I crossed the moat and entered the grounds via the East Gate, and found myself in the leafy, shady palace grounds, boasting over 40 timber buildings, all reconstructed in 1990, decades after a fire had burned it down during fighting in WWII in 1945. Much of the palace grounds are out of bounds as they are used as an army training camp, but there was still much to explore. It was eerily quiet and the buzz of insects was all I could hear on this sweltering day as I wandered through the maze of buildings and overgrown courtyards. The place seemed neglected, forgotten, seldom visited. There was a spiral watchtower which I climbed to enjoy an ariel view of the grounds, and then I hopped back on the bike and rode away.

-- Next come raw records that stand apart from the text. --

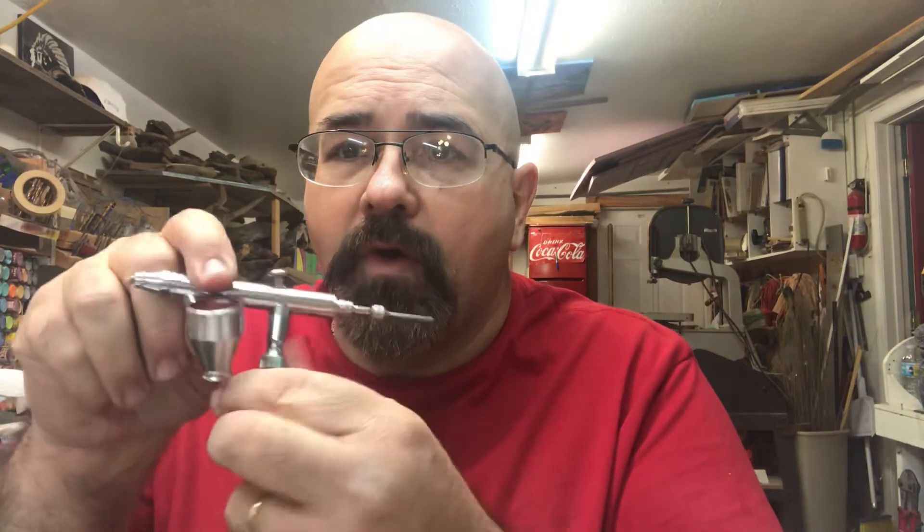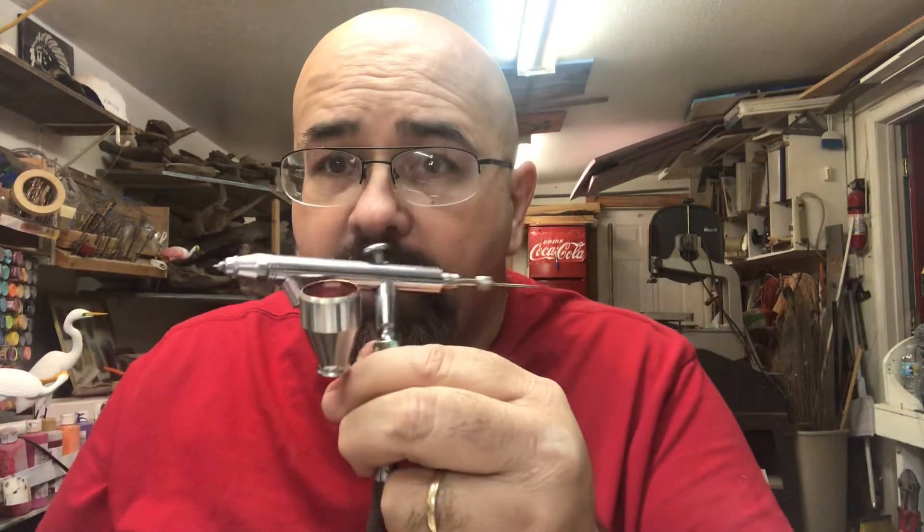Quick airbrush tip video. This is for making a mixer for a little quarter-ounce cup for airbrush paint. This is the finished little thing, and here's all you need to do to make it.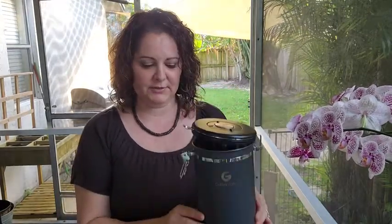Hi guys, this is Lori from WTI. I just wanted to share with you these amazing Coffee Gator canisters. Now what I didn't know is that there are a few things that can really affect the taste and quality of your coffee.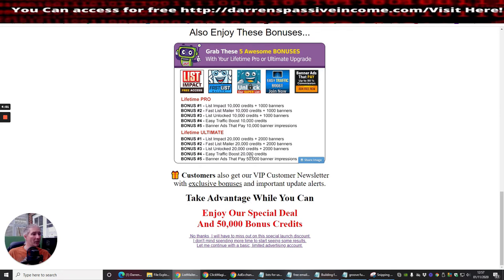I thought it was important to show you that I do actually take action. I could have easily gone for the Lifetime Pro at $47, but I went for the $77 Ultimate. The difference is you get twice as much — where Pro gives 10,000 credits per month, Ultimate gives 20,000, meaning I can send to 20,000 people.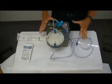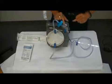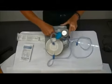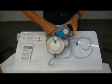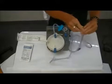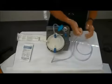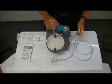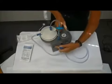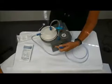Once you get everything connected, you can turn the machine on and check your suction pressure. There's a gauge right on the top of the suction machine where you'll be able to read the suction pressure once you turn it on. You will need to crimp your hose or plug the end of your tubing in order to read a pressure on the machine. On the side of the machine is your on-off switch, so I'm going to turn the suction machine on and show you how to adjust the pressure.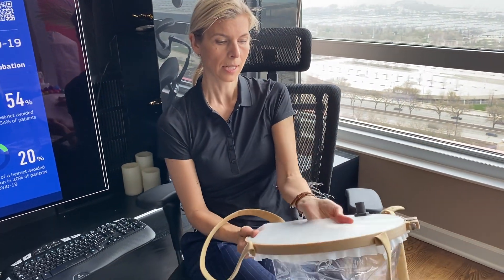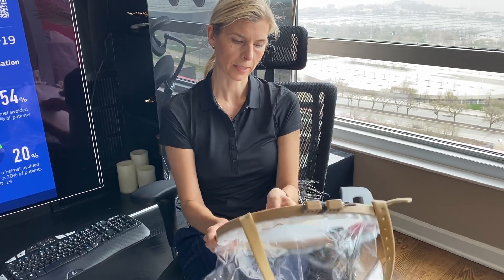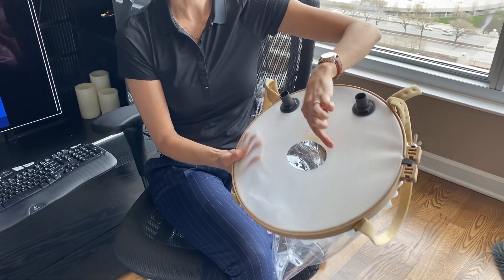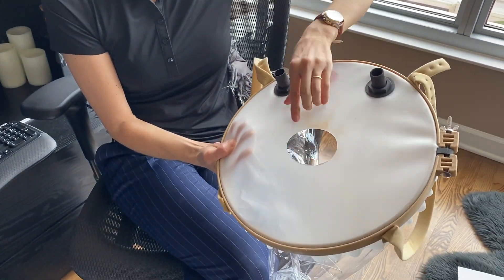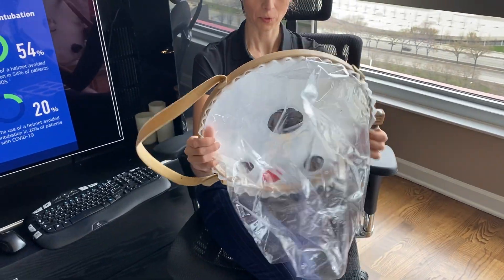This silicon part is soft and it is thick. I already cut, based on my measurements, a hole for my neck, and I'm going to put it on.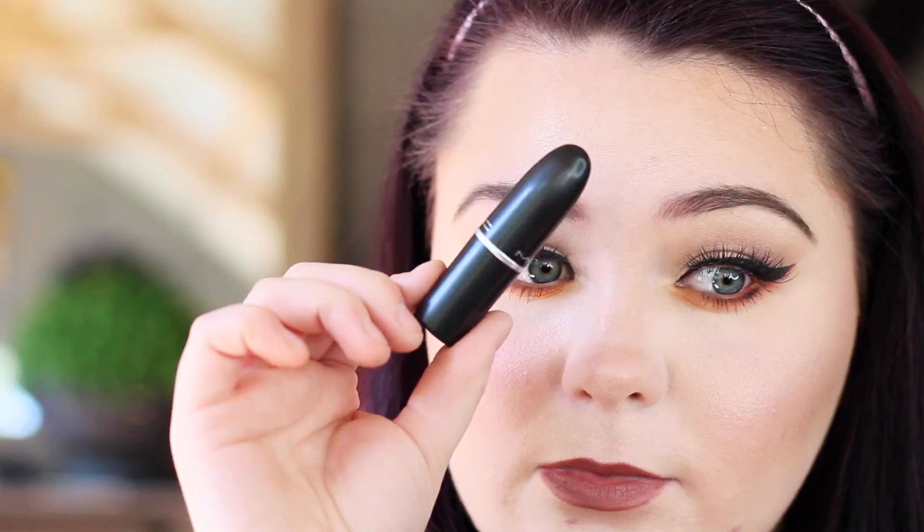I'm going to be lining my lips with MAC liner and I'll also be filling my actual lips in with this as well. Then I'm just going to be going in with a little bit of lipstick — I'm using MAC Japanese Maple just to give it a bit of shine.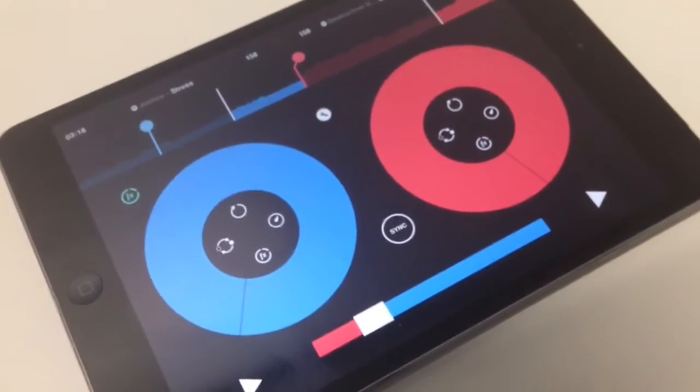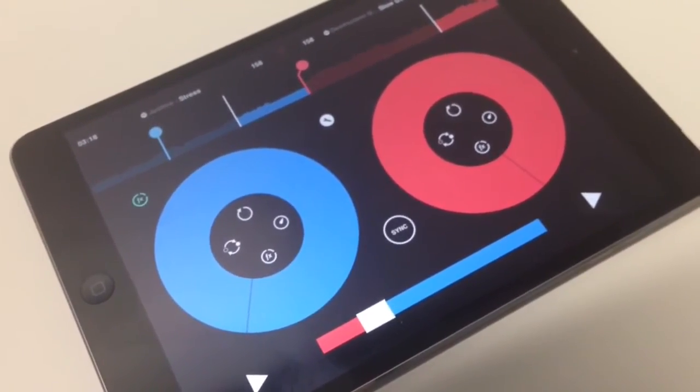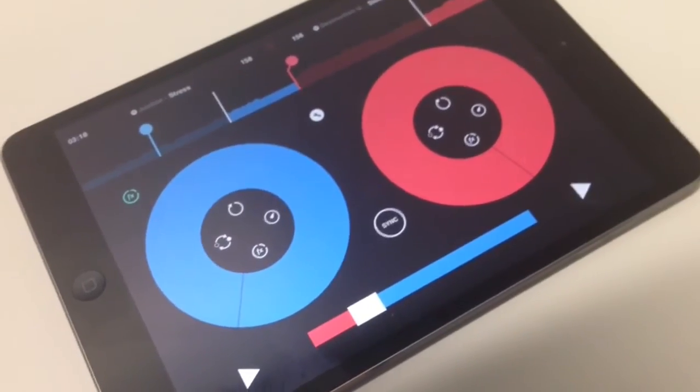It's a free, iPad-only app that basically lets you choose two songs from Spotify and mix them together. I am by no means a DJ, but I gave it a shot.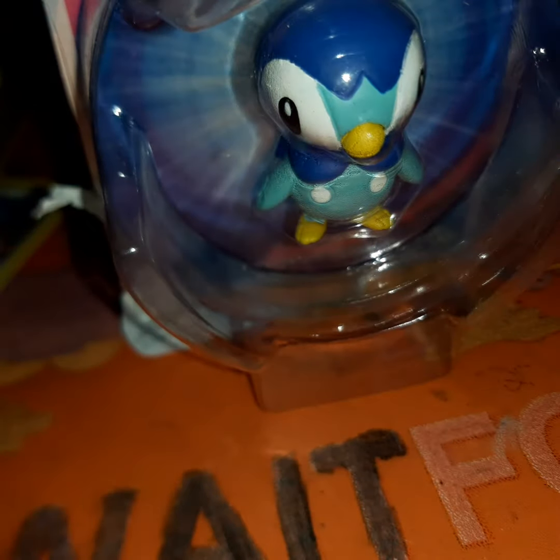I have two figures. So now I'm gonna be unboxing Piplup. And next video, I'm gonna unbox Oshawott. Really happy for this Piplup toy. Okay, let's just go open this bad boy up.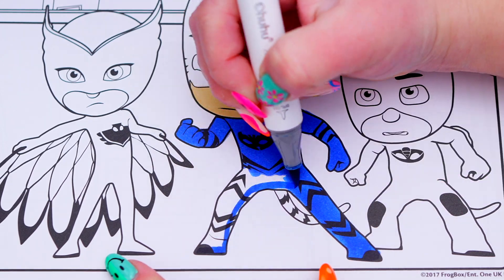Now I'm all finished coloring in Gekko. Now let's color in Owlette. She has dark red eyes and peach skin. And let's color in her owl suit red and dark pink. I see it's pink! I really hope you enjoyed it!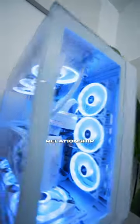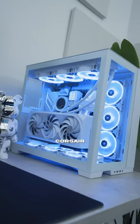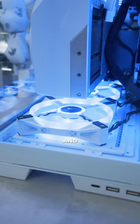Look, I have a love-hate relationship with these things. They look so freaking good, but my goodness, they can suck sometimes. So in my PC, I've got all Corsair fans, and they're a mix of LL120s and QL120s.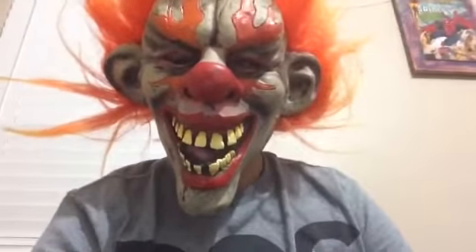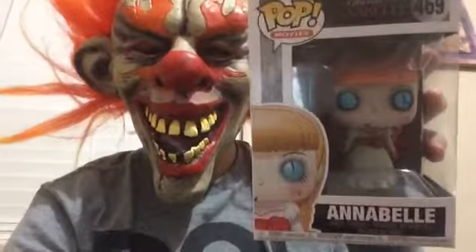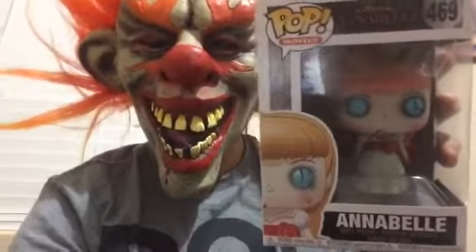Hi guys, this is from System Gaming Reactions. Today we're going to be doing a review on the Annabelle Creation 2017 pop figure. I'm sorry I'm using my back camera.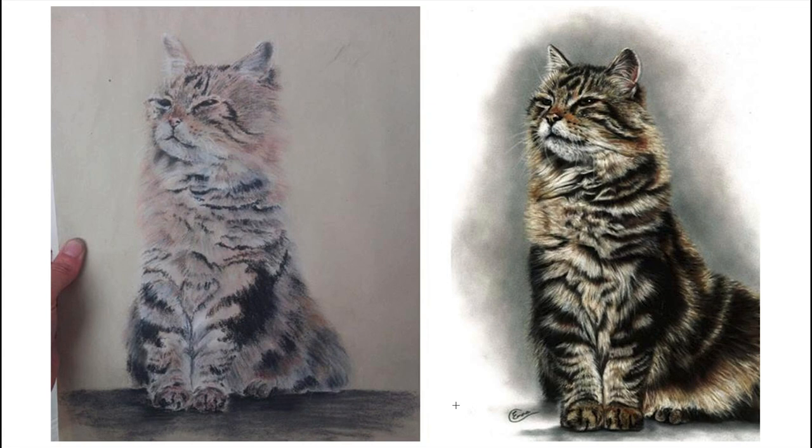The next one is one of my earliest attempts in pastel. I think I must have been about 13 or 14 years of age when I drew this. Firstly, it's on really rubbish paper — like cheap sugar paper, something you might use for craft or a scrapbook. The one good thing it had going for it was a nice colour to work on for the cat. But I was very pleased with it at the time, and it was one of the drawings that got me really hooked on soft pastel.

I visited a teak monastery, the Shwenandaw Kyaung, dating back to 1880, which was very impressive both outside and in, with intricately carved panels. Then I pressed on to a Buddhist temple, Atumashi Kyaungdawgyi, a place full of stupa-dotted terraces. As I wandered around I met a few people – a woman whose face was smeared with thanaka – a yellowish white cosmetic paste that also prevents sunburn, a vendor selling crisps with her child, and an old woman here, Kathy, a former English teacher who sits there day after day chatting with tourists. She speaks impeccable English, and is neither beggar nor vendor, but has a bad leg that means she can’t work anymore. She lost her husband many years ago and sits from morning until night, a lonely old woman looking to chat. She has amazing eyes that twinkle with wit and laughter, and I stopped and chatted with her for a while, and she gave me some fruit. When I left I said I’d be back one day, I don’t know why, and she said she’d be in the same place and would never go anywhere else unless the authorities try to move her on. I felt a bit sad leaving Kathy, but she told me that as soon as her leg was better, she’d be looking for work again. Burmese tourists were amazed to see her chatting to me in English, and many stopped and just watched us….meeting such people, talking to them, getting to know a bit about their lives…this is what makes travel so interesting.
I cycled to the foot of Mandalay Hill and wolfed down some egg-fried rice to give me some energy for the climb to the top of the hill for sunset. The hill is 760ft and you need to climb a covered stairway for 45 minutes. I was at the south of the hill, so started between two giant ‘chinthe’ (guardian lion-dogs). I strode up and made it to the top in 20 minutes. The views from the top were incredible, Mandalay, flat as a pancake, spreading out below. I lingered for a while and then headed down and cycled back to the hotel alongside the moat – clearly a popular spot for young couples and groups of friends to hang out. After a quick shower and change I cycled to Red Canal for a cocktail ‘party’, a tame affair with only two well-dressed older couples present and me, gathered somewhat awkwardly around the swimming pool while the ‘bar girl’ served us drinks of our choice and a band played some traditional music. After a time, the older couples invited me to join them for a chat, and they were all lovely, well-spoken people, who spoke passionately about their travels around South East Asia thus far. I soon left and cycled back down the dark streets and found a beer garden that served Chinese food. A large bottle of Tiger and some special fried rice later, and I was ready for bed. Mandalay had been pleasant, if not what I had imagined, but the people I had met so far had made it memorable.